── Data under study
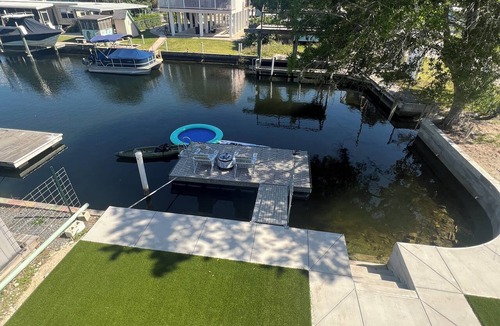 Weeki Wachee Gardens House | Weeki Wachee 3BR Private Dock, Kayak, Fish & Boat, Trailer Parking, Sleeps 6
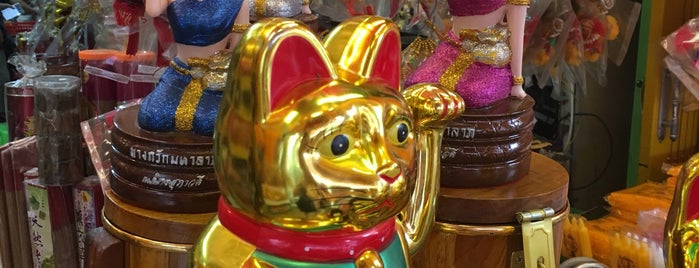 Standing Golden Buddha Temple is one of Thailand.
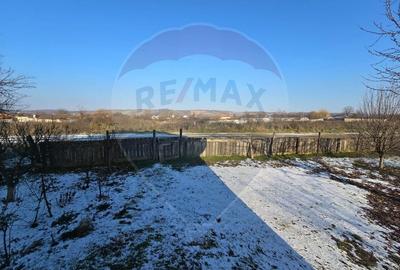 Casă cu 5 camere cu Teren 945 Mp în Brădești - 12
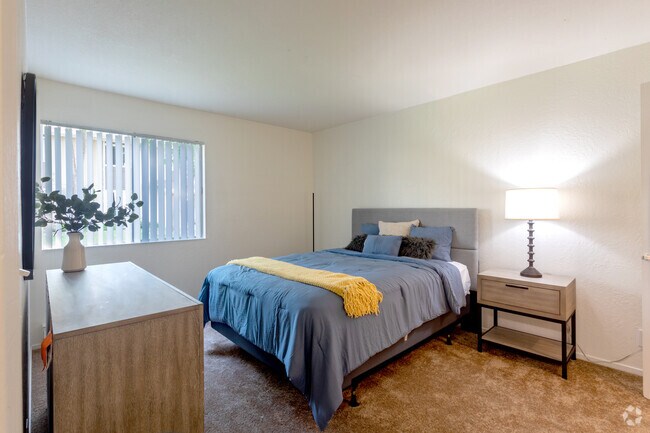 2BR, 2BA - 820 - Bedroom - Almaden Terrace Apartment Homes
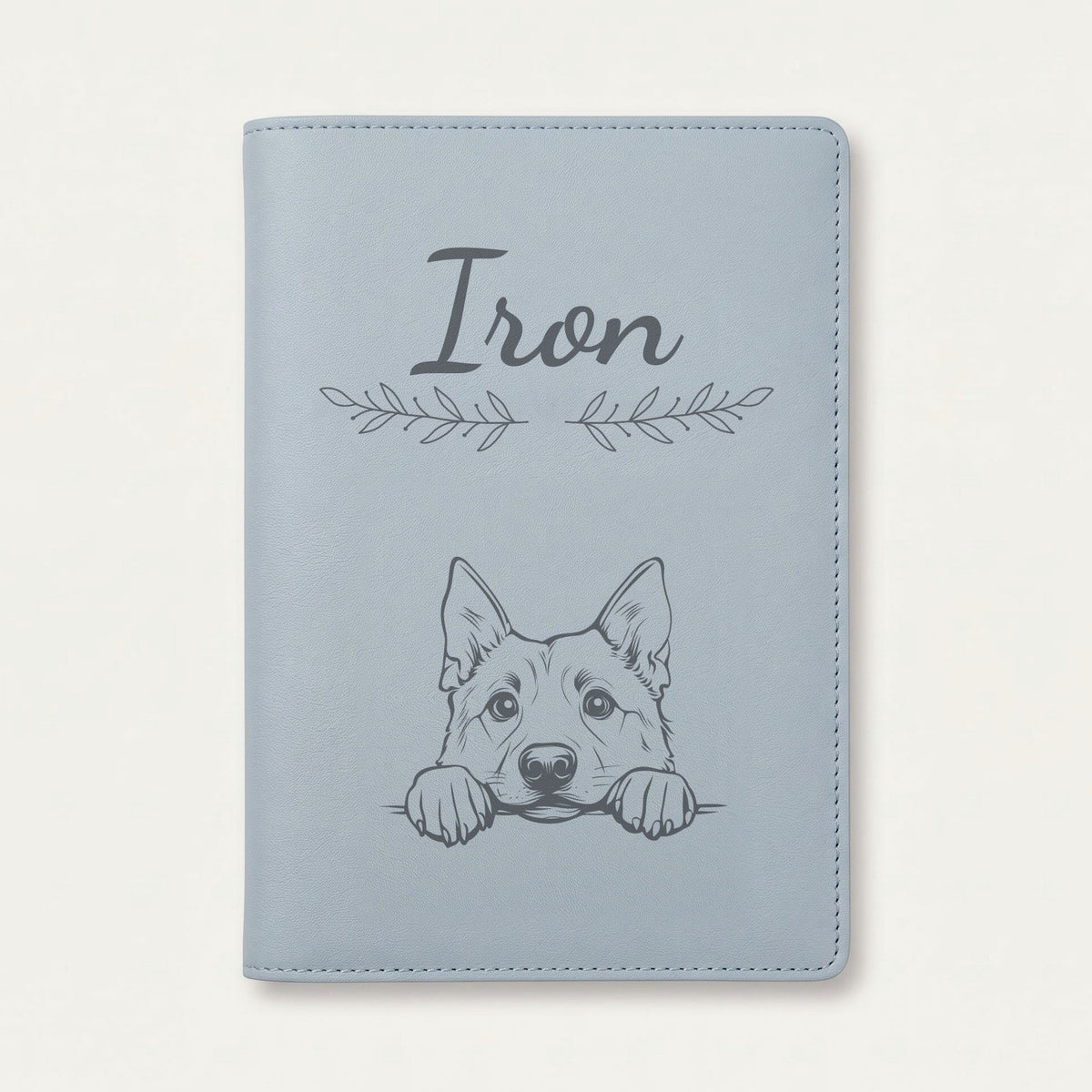 Protège carnet de santé chien personnalisé – Chien d'élan norvégien — Bleu nuage — Rameaux — gravure « Iron »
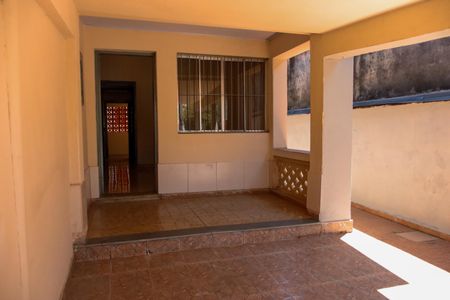 Casa à venda com 146m², 2 quartos e 2 vagas Casa à venda com 146m², 2 quartos e 2 vagasGaragem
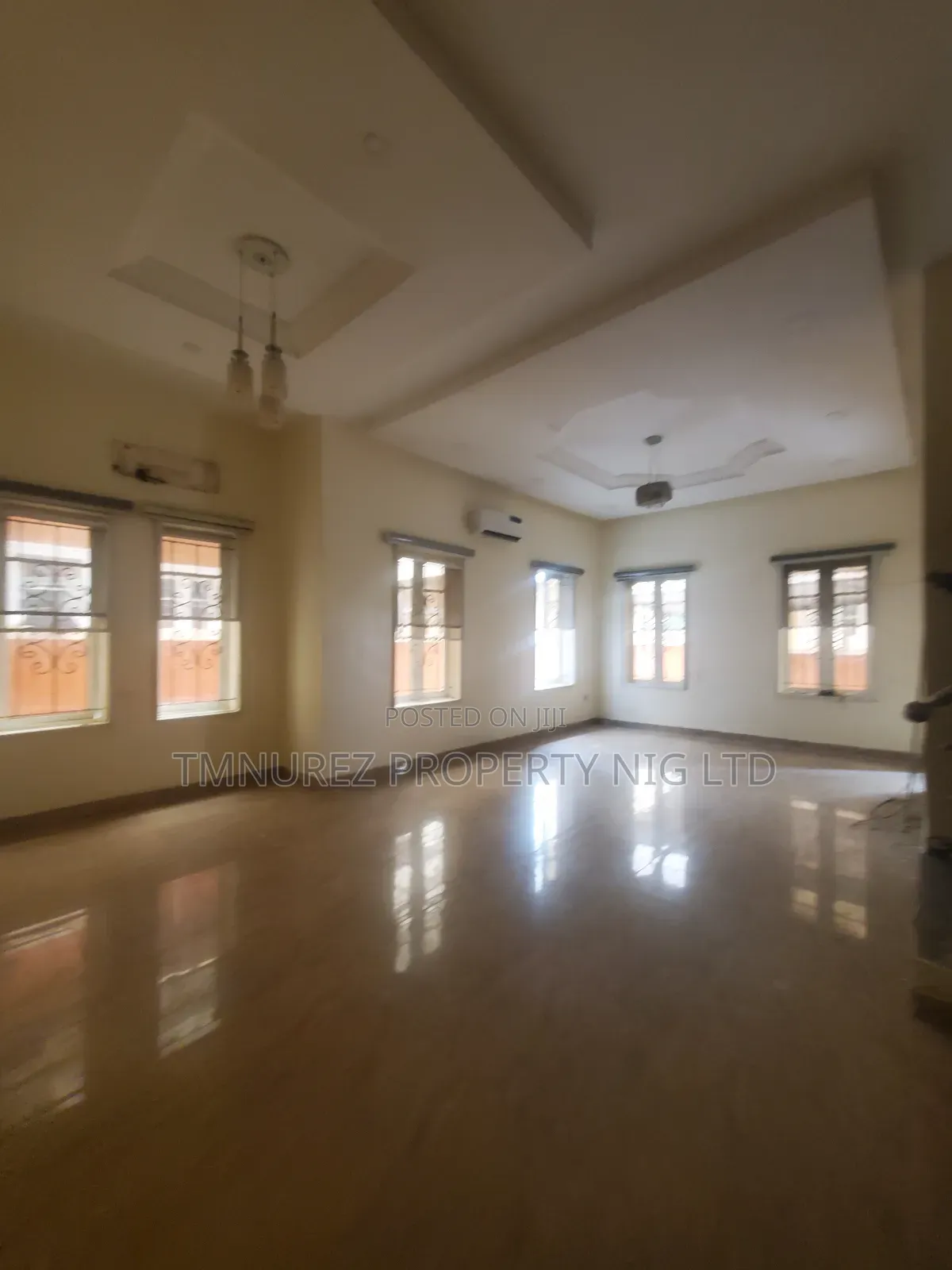 Studio Apartment in Chevron for rent in Chevron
────
(What is expected): Omit the pictures; restate every entry word for word.

(Solution for this exercise):
 Weeki Wachee Gardens House | Weeki Wachee 3BR Private Dock, Kayak, Fish & Boat, Trailer Parking, Sleeps 6
 Standing Golden Buddha Temple is one of Thailand.
 Casă cu 5 camere cu Teren 945 Mp în Brădești - 12
 2BR, 2BA - 820 - Bedroom - Almaden Terrace Apartment Homes
 Protège carnet de santé chien personnalisé – Chien d'élan norvégien — Bleu nuage — Rameaux — gravure « Iron »
 Casa à venda com 146m², 2 quartos e 2 vagas Casa à venda com 146m², 2 quartos e 2 vagasGaragem
 Studio Apartment in Chevron for rent in Chevron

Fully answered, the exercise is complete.